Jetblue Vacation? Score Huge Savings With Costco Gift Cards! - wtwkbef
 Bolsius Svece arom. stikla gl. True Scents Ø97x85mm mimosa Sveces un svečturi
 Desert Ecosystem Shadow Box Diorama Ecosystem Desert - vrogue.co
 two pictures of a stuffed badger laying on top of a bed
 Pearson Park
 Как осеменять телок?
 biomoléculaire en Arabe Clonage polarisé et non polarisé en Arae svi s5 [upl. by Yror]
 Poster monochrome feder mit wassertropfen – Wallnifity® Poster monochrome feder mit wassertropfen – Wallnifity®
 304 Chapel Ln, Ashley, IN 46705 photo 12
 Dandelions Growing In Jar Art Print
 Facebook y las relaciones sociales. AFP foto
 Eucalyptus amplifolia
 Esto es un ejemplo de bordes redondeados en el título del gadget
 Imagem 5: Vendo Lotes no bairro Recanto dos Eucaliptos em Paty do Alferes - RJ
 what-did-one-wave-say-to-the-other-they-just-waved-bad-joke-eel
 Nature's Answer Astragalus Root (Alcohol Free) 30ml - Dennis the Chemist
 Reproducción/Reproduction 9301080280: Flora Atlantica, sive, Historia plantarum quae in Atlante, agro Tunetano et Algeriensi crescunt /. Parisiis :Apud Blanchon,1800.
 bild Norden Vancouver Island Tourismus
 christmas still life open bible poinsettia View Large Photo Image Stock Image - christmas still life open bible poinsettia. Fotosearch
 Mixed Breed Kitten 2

- Work to complete:
Exactly the lines above from the one with "Esto es un ejemplo" to the one with "Nature's Answer Astragalus", both included, are to be quoted; leave the rest out.

- Output:
 Esto es un ejemplo de bordes redondeados en el título del gadget
 Imagem 5: Vendo Lotes no bairro Recanto dos Eucaliptos em Paty do Alferes - RJ
 what-did-one-wave-say-to-the-other-they-just-waved-bad-joke-eel
 Nature's Answer Astragalus Root (Alcohol Free) 30ml - Dennis the Chemist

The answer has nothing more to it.